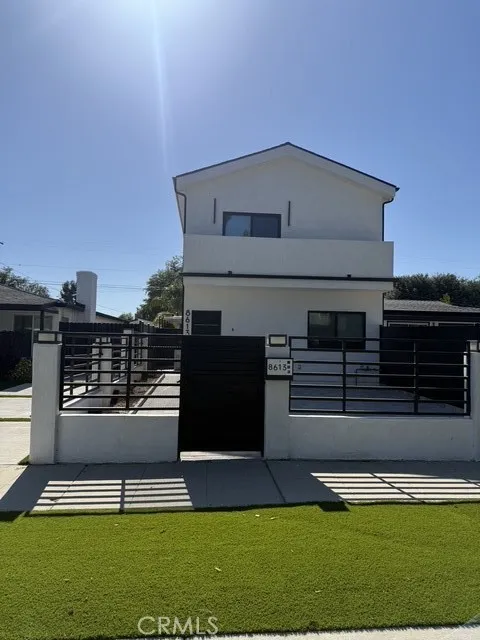 8613 Oakdale Avenue Winnetka, CA 91306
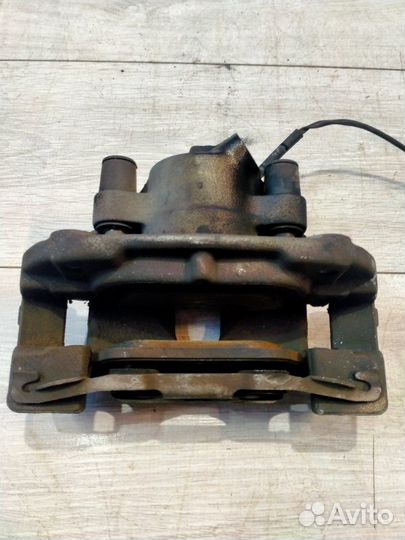 Суппорт передний левый Bmw 318I E46 N46B20A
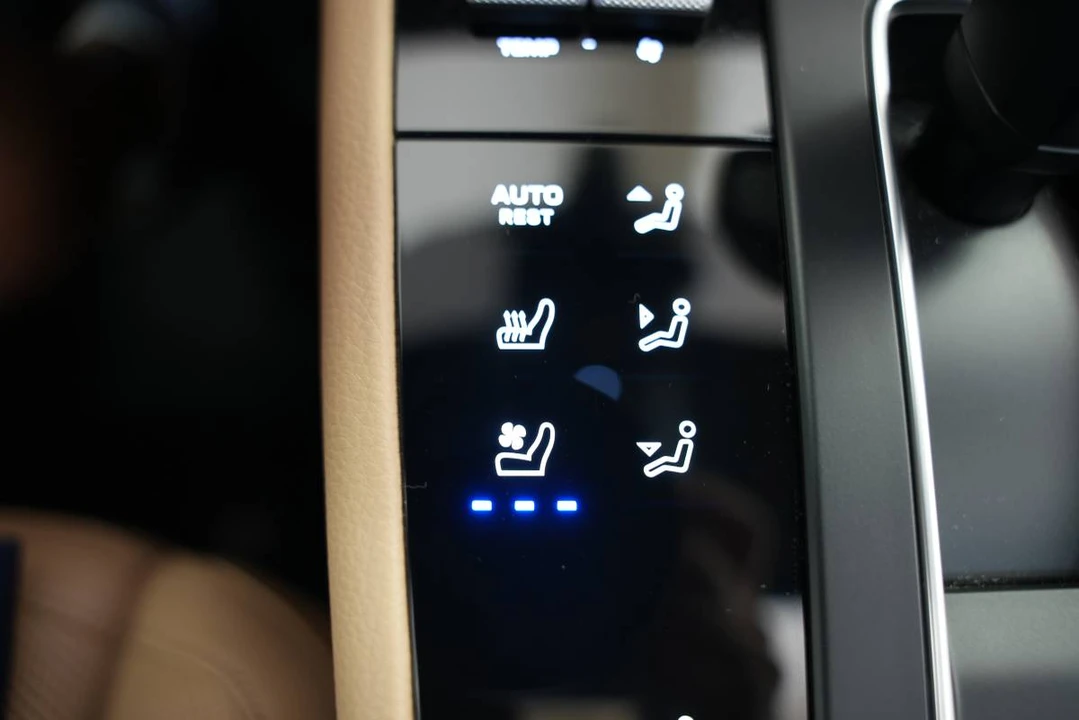 2023 Porsche Macan - Image 6 of 12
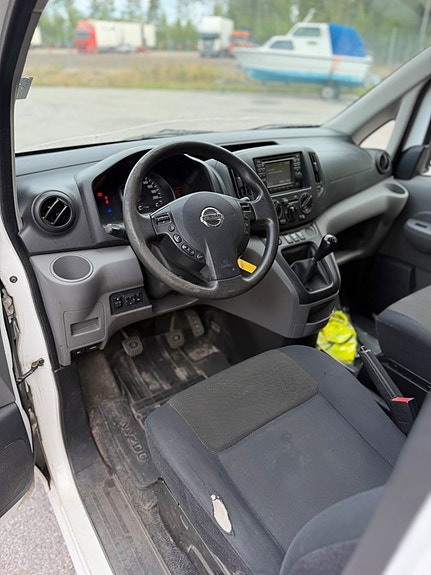 Nissan NV200 10 of 11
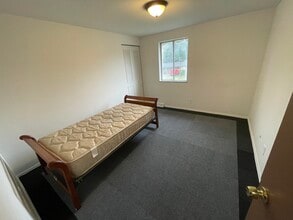 6907 Parkbelt Dr in Flint, MI - Building Photo - Building Photo
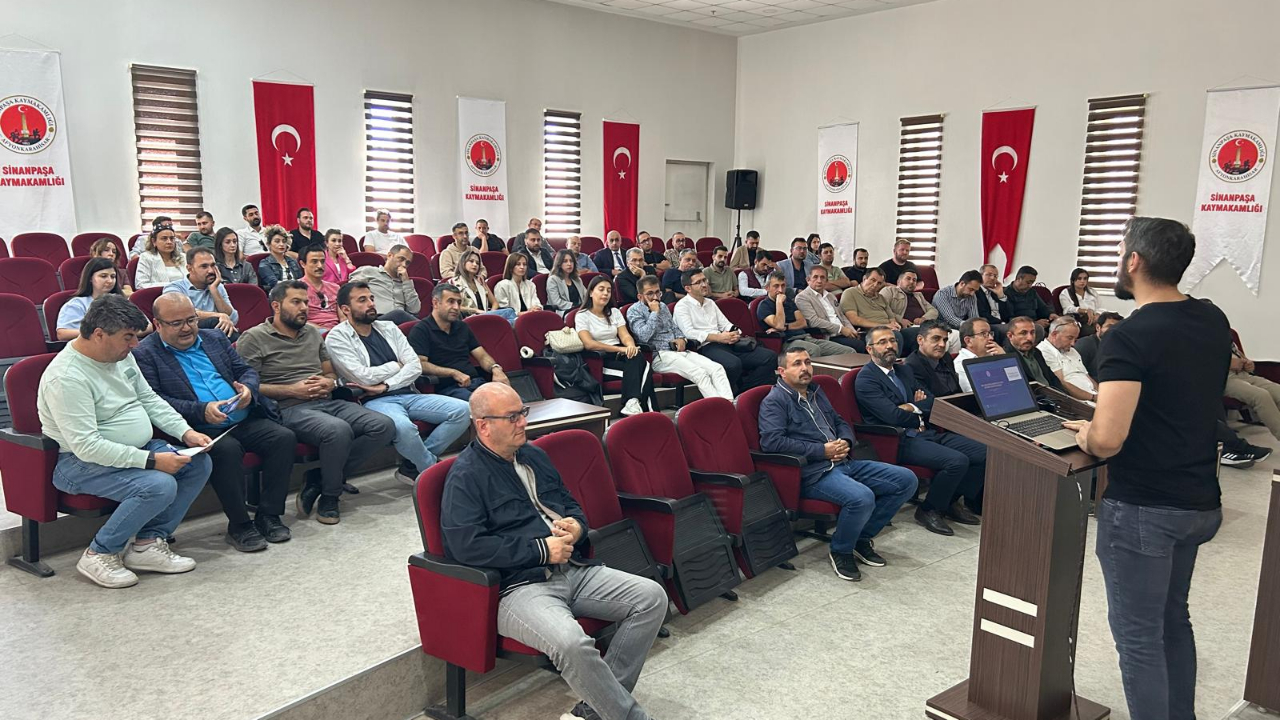 Sinanpaşa’da Eğitim Yöneticilerine Kapsayıcı Eğitim Semineri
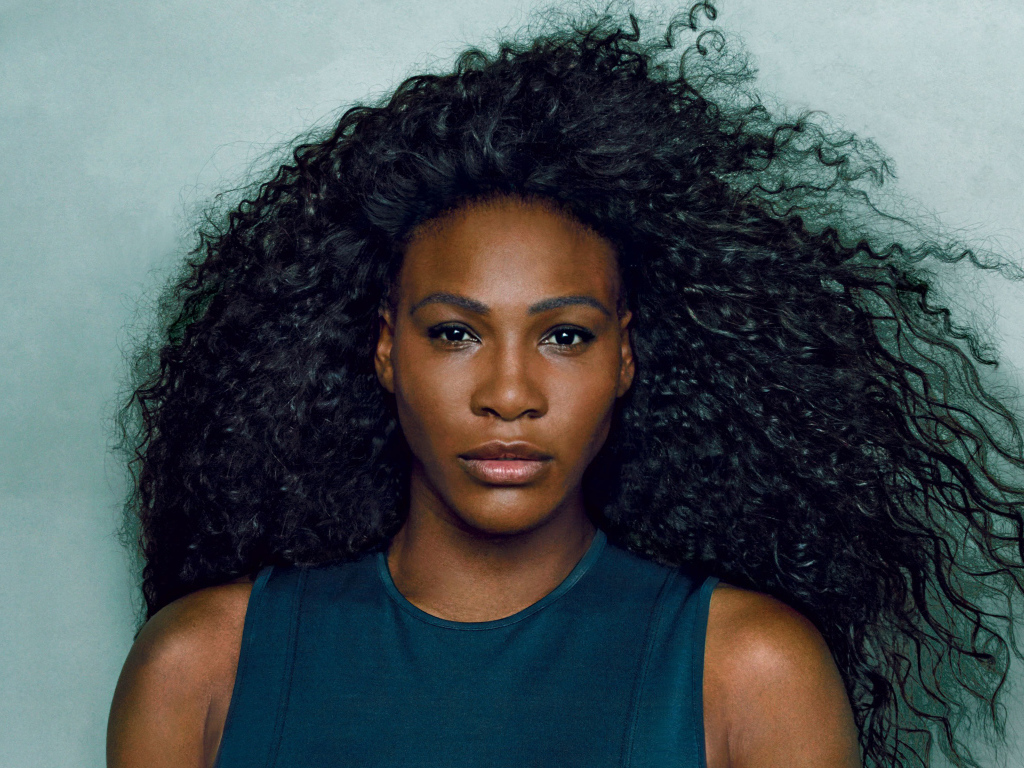 Теннисистка Серена Уильямс с красивыми черными волосами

[Activity]
Beginning with the line containing "2023 Porsche Macan - Image 6 of 12" and ending with the last line of the data, output those lines exactly and nothing more. Omit every picture.

[Solution]
 2023 Porsche Macan - Image 6 of 12
 Nissan NV200 10 of 11
 6907 Parkbelt Dr in Flint, MI - Building Photo - Building Photo
 Sinanpaşa’da Eğitim Yöneticilerine Kapsayıcı Eğitim Semineri
 Теннисистка Серена Уильямс с красивыми черными волосами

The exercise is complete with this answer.